▶ Task prompt: Exactly the lines from the opening of the records through the line containing "Garden Ornament Featuring" should be copied, with both included.

Items listed in a dataset:
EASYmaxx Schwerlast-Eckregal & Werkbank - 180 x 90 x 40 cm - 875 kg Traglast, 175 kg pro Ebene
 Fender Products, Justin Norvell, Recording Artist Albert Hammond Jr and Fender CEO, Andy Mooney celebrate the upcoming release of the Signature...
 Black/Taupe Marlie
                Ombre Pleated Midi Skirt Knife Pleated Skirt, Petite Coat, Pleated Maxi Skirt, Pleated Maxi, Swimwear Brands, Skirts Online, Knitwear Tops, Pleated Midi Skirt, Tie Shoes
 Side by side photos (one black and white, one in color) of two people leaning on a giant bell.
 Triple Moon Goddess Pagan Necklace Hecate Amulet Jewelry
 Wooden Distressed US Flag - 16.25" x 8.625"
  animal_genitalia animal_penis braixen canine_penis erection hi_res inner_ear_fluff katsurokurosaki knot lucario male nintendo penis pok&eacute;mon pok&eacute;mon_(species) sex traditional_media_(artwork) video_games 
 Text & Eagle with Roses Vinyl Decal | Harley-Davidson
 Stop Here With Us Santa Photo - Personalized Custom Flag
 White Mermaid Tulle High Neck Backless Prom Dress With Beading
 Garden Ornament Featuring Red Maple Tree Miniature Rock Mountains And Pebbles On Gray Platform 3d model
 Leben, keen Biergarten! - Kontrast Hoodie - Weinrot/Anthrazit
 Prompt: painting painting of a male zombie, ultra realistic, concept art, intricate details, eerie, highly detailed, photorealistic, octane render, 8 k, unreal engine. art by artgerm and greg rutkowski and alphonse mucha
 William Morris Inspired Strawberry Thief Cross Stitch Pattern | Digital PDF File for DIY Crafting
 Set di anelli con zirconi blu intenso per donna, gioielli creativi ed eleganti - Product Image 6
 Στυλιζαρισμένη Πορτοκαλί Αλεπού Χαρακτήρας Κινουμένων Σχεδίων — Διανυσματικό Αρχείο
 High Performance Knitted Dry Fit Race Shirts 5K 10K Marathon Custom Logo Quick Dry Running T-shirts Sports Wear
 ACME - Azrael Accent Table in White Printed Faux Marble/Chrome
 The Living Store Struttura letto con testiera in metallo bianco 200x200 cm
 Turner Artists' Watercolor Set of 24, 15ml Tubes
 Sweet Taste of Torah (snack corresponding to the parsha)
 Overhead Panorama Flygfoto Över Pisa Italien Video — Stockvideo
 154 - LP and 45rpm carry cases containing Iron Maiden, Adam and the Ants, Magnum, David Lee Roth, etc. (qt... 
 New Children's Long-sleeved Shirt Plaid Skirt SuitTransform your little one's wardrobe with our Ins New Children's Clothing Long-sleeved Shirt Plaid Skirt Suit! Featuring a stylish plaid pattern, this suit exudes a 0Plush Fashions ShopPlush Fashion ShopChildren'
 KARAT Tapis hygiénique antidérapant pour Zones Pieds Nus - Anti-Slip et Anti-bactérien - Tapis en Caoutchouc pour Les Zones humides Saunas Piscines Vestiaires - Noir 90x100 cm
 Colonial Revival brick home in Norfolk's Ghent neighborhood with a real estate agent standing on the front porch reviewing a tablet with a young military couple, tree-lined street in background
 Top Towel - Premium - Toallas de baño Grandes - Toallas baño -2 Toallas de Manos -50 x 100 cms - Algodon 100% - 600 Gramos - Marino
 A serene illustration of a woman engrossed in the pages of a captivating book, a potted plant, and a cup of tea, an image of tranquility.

▶ Output:
EASYmaxx Schwerlast-Eckregal & Werkbank - 180 x 90 x 40 cm - 875 kg Traglast, 175 kg pro Ebene
 Fender Products, Justin Norvell, Recording Artist Albert Hammond Jr and Fender CEO, Andy Mooney celebrate the upcoming release of the Signature...
 Black/Taupe Marlie
                Ombre Pleated Midi Skirt Knife Pleated Skirt, Petite Coat, Pleated Maxi Skirt, Pleated Maxi, Swimwear Brands, Skirts Online, Knitwear Tops, Pleated Midi Skirt, Tie Shoes
 Side by side photos (one black and white, one in color) of two people leaning on a giant bell.
 Triple Moon Goddess Pagan Necklace Hecate Amulet Jewelry
 Wooden Distressed US Flag - 16.25" x 8.625"
  animal_genitalia animal_penis braixen canine_penis erection hi_res inner_ear_fluff katsurokurosaki knot lucario male nintendo penis pok&eacute;mon pok&eacute;mon_(species) sex traditional_media_(artwork) video_games 
 Text & Eagle with Roses Vinyl Decal | Harley-Davidson
 Stop Here With Us Santa Photo - Personalized Custom Flag
 White Mermaid Tulle High Neck Backless Prom Dress With Beading
 Garden Ornament Featuring Red Maple Tree Miniature Rock Mountains And Pebbles On Gray Platform 3d model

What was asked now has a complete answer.